Democratic senators, especially those facing difficult re-election prospects, may be unwilling to vote for a bill that is not going to pass anyway if the end result is that their opponents next year can paint them as too close to Obama, whose shrinking popularity has many Democrats worried. On the other hand, if they vote with the Republicans, these wavering Democrats make it impossible to run against the Republicans as the obstructionists. As Helderman writes, “That is likely to be a dynamic that will prove problematic for Obama and Senate leaders in coming months.”
This is a false dilemma. The Democrats in the Senate should back the jobs bill. The only way they can possibly hope to win re-election in tough swing states is by standing for something. And, running in an election year that will be dominated by the race for the White House at the top of the ticket, they cannot hope to win by running from the President and his policies. Gone are the days when individual congressmen and senators can enjoy a special relationship with their constituencies that permit them to swim against the tide.
Anti-Washington sentiment is at an all-time high. The only way any Democrats, including the President, can hope to win next November is by turning the election into a “choice election.” As the President and Vice-President have recently said: “Don’t compare me with the Almighty. Compare me with the alternative.” If Democrats fail to stand up for government intervention to help promote job growth, if they are not seen as fighting for the working and middle class, the election will turn into a referendum on Washington and they will lose.
There is a proximate example these worried senators should consider. In 2008, two Democratic congressional candidates won traditionally Republican seats in Virginia.

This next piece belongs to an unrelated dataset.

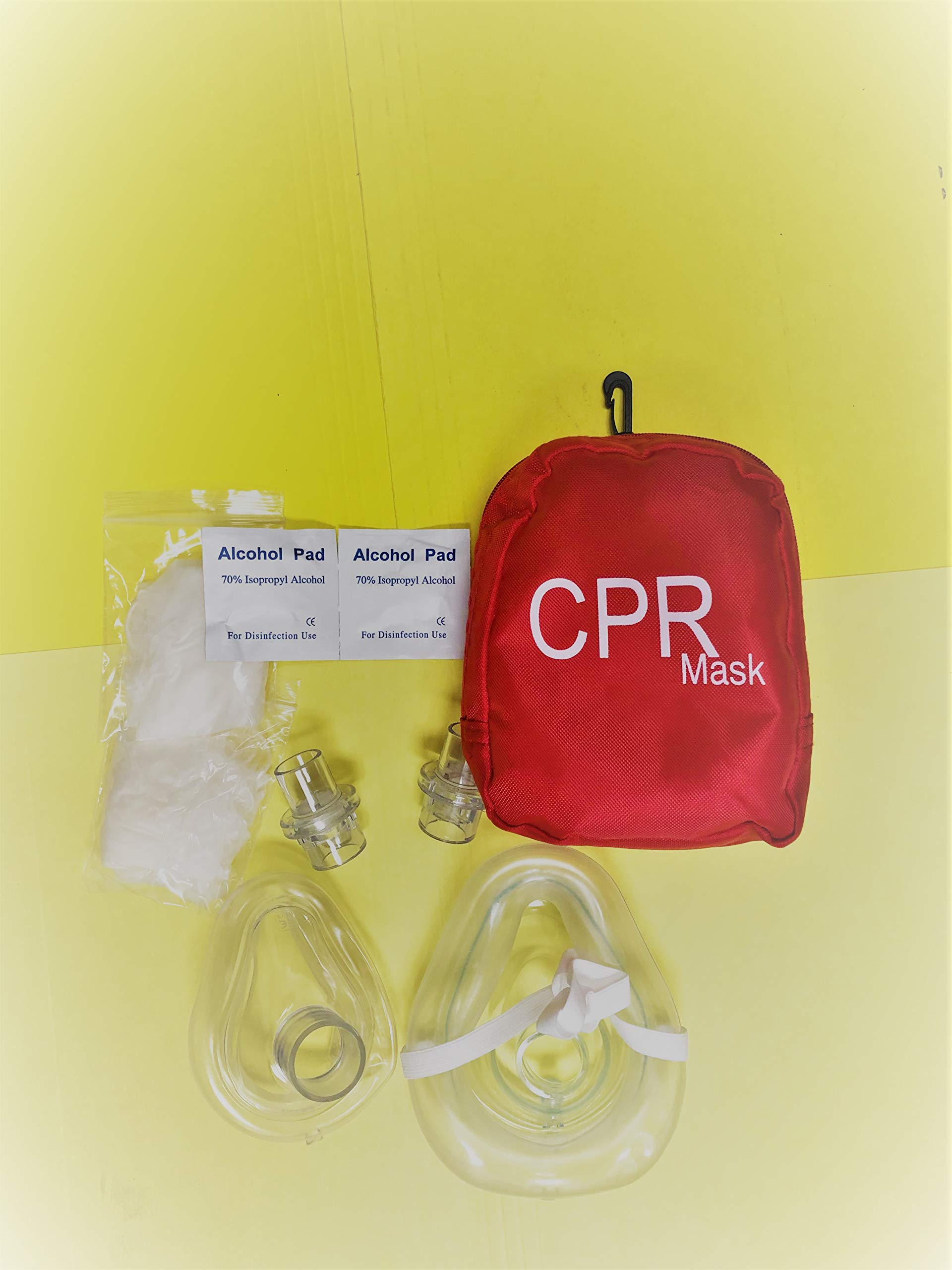 CPR Mask Combo Kit for Adult/Child and Infant in Soft Bag (5)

Glenn Nye won in Virginia-2 with 52.40% of the vote, defeating Republican Thelma Drake who garnered 47.46%. In VA-5, Tom Perriello defeated Republican incumbent Virgil Goode by the razor-think margin of 50.08% to 49.85%. Nye and Perriello went to Congress. Perriello became a strong voice of support for the President, indeed outflanking him on the left at times. Nye engaged in the kind of calculations that this morning’s Post article examines among the senators, trying to figure out how to distance themselves from the President, trying to appear moderate, trying to avoid a throwdown with the GOP. During their respective re-election bids, Nye, like most freshman Democrats from Republican-leaning seats ran away from the President. Perriello, on the other hand, defended his votes, especially his vote for health care reform. He was the only embattled congressman who invited Obama to a campaign rally the weekend before the election.
Both Perriello and Nye lost and VA-2 and VA-5 both returned to where they had long been, the GOP fold. But, Nye, whose district was less GOP-leaning than Perriello’s lost by more than ten points, losing to Republican E. Scott Rigell by a margin of 53.12% to 42.25%. In the more heavily GOP VA-5, Perriello lost by less than four points, 50.81% to 46.98%.

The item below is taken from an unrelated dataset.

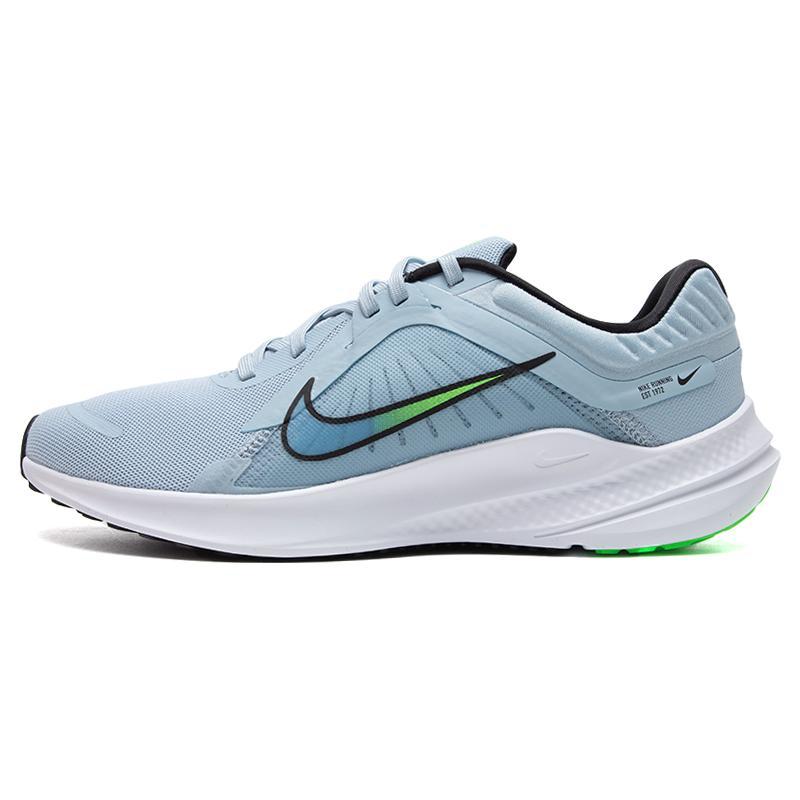 Nike Quest 5 Светло-лазурный зеленый удар Звездный синий черный кроссовки DD0204-402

The lessons from the Perriello-Nye comparison should be obvious. Lesson #1: Voters expect a candidate to stand for something. While visiting VA-5 during last year’s election, I heard from several people that while they did not always agree with Perriello’s stances on the issues, they admired him for standing up for his positions and preferred to vote for someone who knew his own mind and did not govern by polls, even if they disagreed with that person, than for someone who was all wishy-washy. Lesson #2: The national political debate will shape local elections in ways that no amount of spending, campaign advertising, and hand-shaking can overcome. Democrats will be lumped with Obama whether they like it or not. Lesson #3: Voters like someone who is scrappy, who is fighting for them, who is defending for his or her views. Lesson #4: Give voters a choice or they will turn the race into a referendum on incumbency and that is the surest way to lose.

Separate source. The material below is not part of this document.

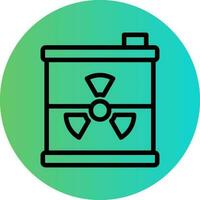 Nuclear Waste Vector Icon Design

I agree with some of the objections that certain senators have with the Obama plan. For example, Sen. John Tester has voiced skepticism that giving businesses a tax break for hiring the long-term unemployed will actually result in more job creation. I suspect Tester is right. But, I also know that the American people want Congress and the White House to do something. Americans are a pragmatic people who warm to the idea that Washington is trying to improve their lot. If we try something like the tax credit for hiring the long-term unemployed and it doesn’t work, let’s try something else. But, the quickest way for any incumbent to guarantee a loss next November is to appear indifferent or to appear to be party to the dysfunction that has gripped Washington.
Tom Perriello lost his re-election race, but he lost it by much less than many other freshman Democrats who came from much less Republican-leaning districts. He stood for something and he stood with the President. Those senators who are thinking their electoral chances are improved by distancing themselves from the President should give Glenn Nye a call.